- _Your assignment_:
Transcribe exactly the line containing "Athletic Field Marking" plus every later line in the data.

Stored entries:
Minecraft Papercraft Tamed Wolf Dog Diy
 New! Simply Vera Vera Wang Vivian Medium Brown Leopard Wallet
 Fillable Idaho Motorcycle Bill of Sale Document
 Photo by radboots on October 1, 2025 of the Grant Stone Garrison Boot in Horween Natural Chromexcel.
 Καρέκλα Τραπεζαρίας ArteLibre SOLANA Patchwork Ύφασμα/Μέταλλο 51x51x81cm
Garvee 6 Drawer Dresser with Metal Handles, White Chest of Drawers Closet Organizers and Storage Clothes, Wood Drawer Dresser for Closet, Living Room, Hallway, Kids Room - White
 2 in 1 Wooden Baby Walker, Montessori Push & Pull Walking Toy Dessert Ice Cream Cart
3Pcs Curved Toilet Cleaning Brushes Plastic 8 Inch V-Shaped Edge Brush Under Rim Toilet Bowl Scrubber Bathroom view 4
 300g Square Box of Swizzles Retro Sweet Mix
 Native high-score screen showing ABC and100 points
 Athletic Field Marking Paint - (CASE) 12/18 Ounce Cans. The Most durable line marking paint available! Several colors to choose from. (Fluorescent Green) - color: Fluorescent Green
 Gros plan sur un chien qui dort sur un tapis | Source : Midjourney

- _Exercise response_:
 Athletic Field Marking Paint - (CASE) 12/18 Ounce Cans. The Most durable line marking paint available! Several colors to choose from. (Fluorescent Green) - color: Fluorescent Green
 Gros plan sur un chien qui dort sur un tapis | Source : Midjourney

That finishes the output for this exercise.